• Problem to solve:
Going through the material below, output exactly the lines from the one containing "Graduation: graduates toss" through the one containing "Dijital tablet üzerinde", and no pictures.

• Data for analysis:

- - -

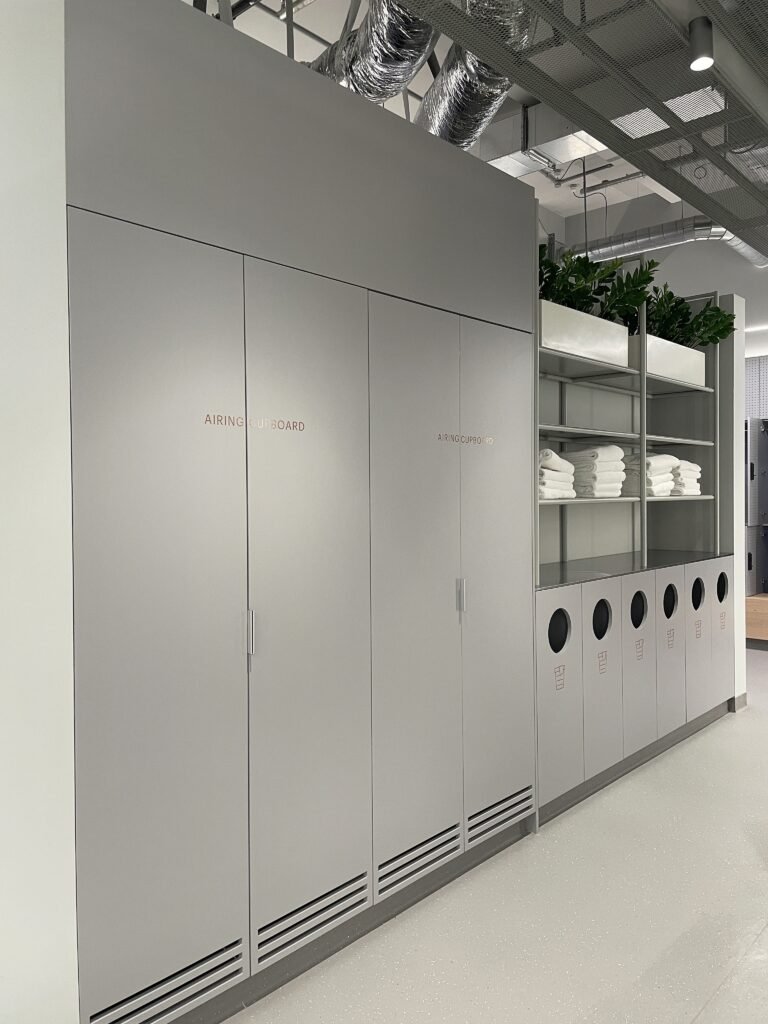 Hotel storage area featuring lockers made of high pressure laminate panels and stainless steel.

- - -

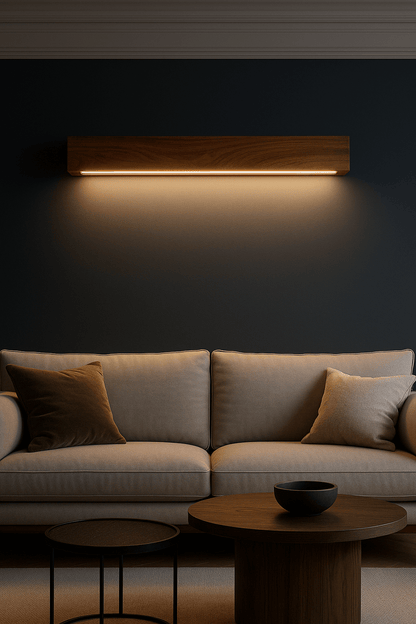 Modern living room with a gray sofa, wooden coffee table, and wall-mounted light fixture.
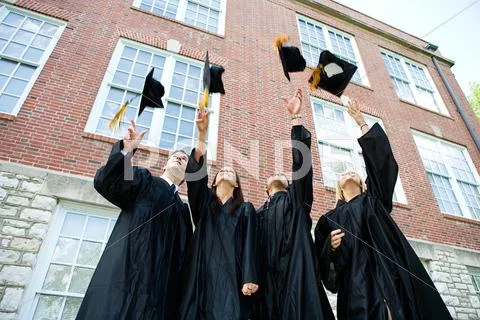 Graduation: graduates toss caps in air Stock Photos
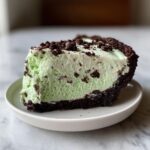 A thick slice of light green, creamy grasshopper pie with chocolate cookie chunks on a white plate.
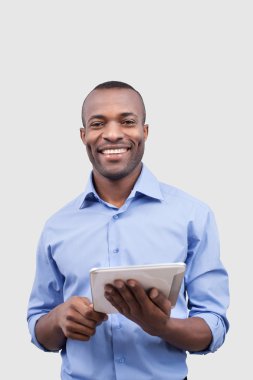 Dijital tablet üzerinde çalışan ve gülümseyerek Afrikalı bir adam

- - -

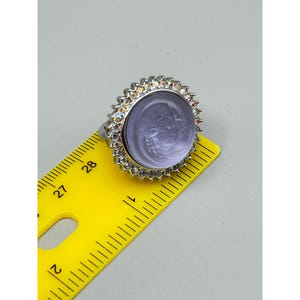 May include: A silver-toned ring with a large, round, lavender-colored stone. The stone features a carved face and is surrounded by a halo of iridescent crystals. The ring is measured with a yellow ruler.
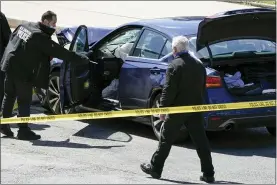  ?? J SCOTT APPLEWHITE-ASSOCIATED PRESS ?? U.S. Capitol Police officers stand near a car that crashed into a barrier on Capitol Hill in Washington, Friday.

- - -

• Written answer:
 Graduation: graduates toss caps in air Stock Photos
 A thick slice of light green, creamy grasshopper pie with chocolate cookie chunks on a white plate.
 Dijital tablet üzerinde çalışan ve gülümseyerek Afrikalı bir adam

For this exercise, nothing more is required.